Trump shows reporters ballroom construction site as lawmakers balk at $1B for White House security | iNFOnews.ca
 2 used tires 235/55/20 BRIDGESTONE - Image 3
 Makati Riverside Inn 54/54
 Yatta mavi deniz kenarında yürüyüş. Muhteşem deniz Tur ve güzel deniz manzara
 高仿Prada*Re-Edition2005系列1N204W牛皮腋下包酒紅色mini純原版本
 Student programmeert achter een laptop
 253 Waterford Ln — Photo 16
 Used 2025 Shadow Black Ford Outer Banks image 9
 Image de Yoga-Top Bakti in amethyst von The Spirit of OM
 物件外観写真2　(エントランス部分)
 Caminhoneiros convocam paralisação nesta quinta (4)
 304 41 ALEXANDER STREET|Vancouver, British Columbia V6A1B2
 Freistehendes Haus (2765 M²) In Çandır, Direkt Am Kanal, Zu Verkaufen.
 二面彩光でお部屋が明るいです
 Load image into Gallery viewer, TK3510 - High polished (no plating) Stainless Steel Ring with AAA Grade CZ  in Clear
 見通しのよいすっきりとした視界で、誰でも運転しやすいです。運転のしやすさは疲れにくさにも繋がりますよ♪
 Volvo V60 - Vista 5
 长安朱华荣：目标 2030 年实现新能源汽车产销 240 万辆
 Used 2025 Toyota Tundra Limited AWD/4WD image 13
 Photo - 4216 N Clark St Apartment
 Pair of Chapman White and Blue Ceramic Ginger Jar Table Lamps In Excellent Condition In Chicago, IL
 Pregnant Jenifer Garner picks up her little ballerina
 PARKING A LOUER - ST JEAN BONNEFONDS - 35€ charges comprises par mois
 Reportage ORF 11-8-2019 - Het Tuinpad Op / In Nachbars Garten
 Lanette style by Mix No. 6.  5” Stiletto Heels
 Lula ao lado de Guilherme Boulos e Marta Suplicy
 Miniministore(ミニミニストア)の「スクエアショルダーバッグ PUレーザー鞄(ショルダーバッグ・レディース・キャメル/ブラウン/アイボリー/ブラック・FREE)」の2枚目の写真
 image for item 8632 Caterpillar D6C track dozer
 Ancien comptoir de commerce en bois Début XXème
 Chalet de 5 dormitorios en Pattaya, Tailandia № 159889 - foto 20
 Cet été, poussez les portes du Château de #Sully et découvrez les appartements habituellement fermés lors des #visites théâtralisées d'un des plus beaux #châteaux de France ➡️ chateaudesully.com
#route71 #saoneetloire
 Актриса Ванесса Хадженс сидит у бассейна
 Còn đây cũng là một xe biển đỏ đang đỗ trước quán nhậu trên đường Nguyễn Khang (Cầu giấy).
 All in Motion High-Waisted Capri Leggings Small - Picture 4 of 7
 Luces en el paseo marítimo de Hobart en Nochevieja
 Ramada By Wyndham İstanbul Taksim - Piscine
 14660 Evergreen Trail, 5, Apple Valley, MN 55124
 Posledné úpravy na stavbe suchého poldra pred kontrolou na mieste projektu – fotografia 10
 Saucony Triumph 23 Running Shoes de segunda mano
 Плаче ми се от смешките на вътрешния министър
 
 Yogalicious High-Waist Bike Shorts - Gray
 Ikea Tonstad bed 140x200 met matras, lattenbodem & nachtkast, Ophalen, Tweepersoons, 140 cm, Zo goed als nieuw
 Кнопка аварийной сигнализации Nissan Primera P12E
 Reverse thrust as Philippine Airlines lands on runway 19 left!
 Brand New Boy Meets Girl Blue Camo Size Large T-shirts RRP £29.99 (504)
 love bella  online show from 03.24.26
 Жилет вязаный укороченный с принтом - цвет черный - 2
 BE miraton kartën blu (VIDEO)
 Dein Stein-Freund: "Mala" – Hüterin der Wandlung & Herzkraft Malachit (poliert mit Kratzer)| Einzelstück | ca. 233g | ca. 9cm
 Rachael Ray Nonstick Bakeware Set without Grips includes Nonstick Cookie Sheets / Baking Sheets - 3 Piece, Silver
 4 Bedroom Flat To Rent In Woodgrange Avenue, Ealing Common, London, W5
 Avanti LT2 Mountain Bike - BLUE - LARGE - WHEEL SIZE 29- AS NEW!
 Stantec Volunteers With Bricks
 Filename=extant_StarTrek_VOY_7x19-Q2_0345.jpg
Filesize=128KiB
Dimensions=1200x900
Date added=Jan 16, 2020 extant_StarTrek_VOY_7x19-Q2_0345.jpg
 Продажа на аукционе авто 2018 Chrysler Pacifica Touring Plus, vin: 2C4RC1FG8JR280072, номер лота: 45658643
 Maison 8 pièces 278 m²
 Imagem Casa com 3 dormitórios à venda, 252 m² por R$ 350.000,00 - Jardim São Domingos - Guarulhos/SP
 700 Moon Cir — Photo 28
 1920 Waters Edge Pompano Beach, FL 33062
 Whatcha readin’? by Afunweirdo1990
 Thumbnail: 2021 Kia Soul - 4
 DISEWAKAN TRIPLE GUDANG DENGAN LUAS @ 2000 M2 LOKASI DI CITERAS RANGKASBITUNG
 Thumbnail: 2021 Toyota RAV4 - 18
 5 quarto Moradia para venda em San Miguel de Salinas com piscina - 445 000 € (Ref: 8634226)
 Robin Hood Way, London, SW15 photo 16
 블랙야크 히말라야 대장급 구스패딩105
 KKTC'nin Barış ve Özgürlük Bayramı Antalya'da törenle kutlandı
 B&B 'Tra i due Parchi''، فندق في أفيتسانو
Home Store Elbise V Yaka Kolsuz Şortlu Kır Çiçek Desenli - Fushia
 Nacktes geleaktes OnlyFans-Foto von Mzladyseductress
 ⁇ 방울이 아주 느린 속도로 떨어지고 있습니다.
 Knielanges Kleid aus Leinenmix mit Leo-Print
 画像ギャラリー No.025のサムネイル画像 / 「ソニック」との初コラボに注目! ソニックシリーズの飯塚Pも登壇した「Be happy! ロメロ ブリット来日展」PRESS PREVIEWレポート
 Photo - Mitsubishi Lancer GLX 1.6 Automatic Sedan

▬▬▬▬▬▬

Using only the listing above, restate exactly the lines from the line containing "2 used tires 235/55/20 BRIDGESTONE - Image 3" through the line containing "Saucony Triumph 23", both included.

 2 used tires 235/55/20 BRIDGESTONE - Image 3
 Makati Riverside Inn 54/54
 Yatta mavi deniz kenarında yürüyüş. Muhteşem deniz Tur ve güzel deniz manzara
 高仿Prada*Re-Edition2005系列1N204W牛皮腋下包酒紅色mini純原版本
 Student programmeert achter een laptop
 253 Waterford Ln — Photo 16
 Used 2025 Shadow Black Ford Outer Banks image 9
 Image de Yoga-Top Bakti in amethyst von The Spirit of OM
 物件外観写真2　(エントランス部分)
 Caminhoneiros convocam paralisação nesta quinta (4)
 304 41 ALEXANDER STREET|Vancouver, British Columbia V6A1B2
 Freistehendes Haus (2765 M²) In Çandır, Direkt Am Kanal, Zu Verkaufen.
 二面彩光でお部屋が明るいです
 Load image into Gallery viewer, TK3510 - High polished (no plating) Stainless Steel Ring with AAA Grade CZ  in Clear
 見通しのよいすっきりとした視界で、誰でも運転しやすいです。運転のしやすさは疲れにくさにも繋がりますよ♪
 Volvo V60 - Vista 5
 长安朱华荣：目标 2030 年实现新能源汽车产销 240 万辆
 Used 2025 Toyota Tundra Limited AWD/4WD image 13
 Photo - 4216 N Clark St Apartment
 Pair of Chapman White and Blue Ceramic Ginger Jar Table Lamps In Excellent Condition In Chicago, IL
 Pregnant Jenifer Garner picks up her little ballerina
 PARKING A LOUER - ST JEAN BONNEFONDS - 35€ charges comprises par mois
 Reportage ORF 11-8-2019 - Het Tuinpad Op / In Nachbars Garten
 Lanette style by Mix No. 6.  5” Stiletto Heels
 Lula ao lado de Guilherme Boulos e Marta Suplicy
 Miniministore(ミニミニストア)の「スクエアショルダーバッグ PUレーザー鞄(ショルダーバッグ・レディース・キャメル/ブラウン/アイボリー/ブラック・FREE)」の2枚目の写真
 image for item 8632 Caterpillar D6C track dozer
 Ancien comptoir de commerce en bois Début XXème
 Chalet de 5 dormitorios en Pattaya, Tailandia № 159889 - foto 20
 Cet été, poussez les portes du Château de #Sully et découvrez les appartements habituellement fermés lors des #visites théâtralisées d'un des plus beaux #châteaux de France ➡️ chateaudesully.com
#route71 #saoneetloire
 Актриса Ванесса Хадженс сидит у бассейна
 Còn đây cũng là một xe biển đỏ đang đỗ trước quán nhậu trên đường Nguyễn Khang (Cầu giấy).
 All in Motion High-Waisted Capri Leggings Small - Picture 4 of 7
 Luces en el paseo marítimo de Hobart en Nochevieja
 Ramada By Wyndham İstanbul Taksim - Piscine
 14660 Evergreen Trail, 5, Apple Valley, MN 55124
 Posledné úpravy na stavbe suchého poldra pred kontrolou na mieste projektu – fotografia 10
 Saucony Triumph 23 Running Shoes de segunda mano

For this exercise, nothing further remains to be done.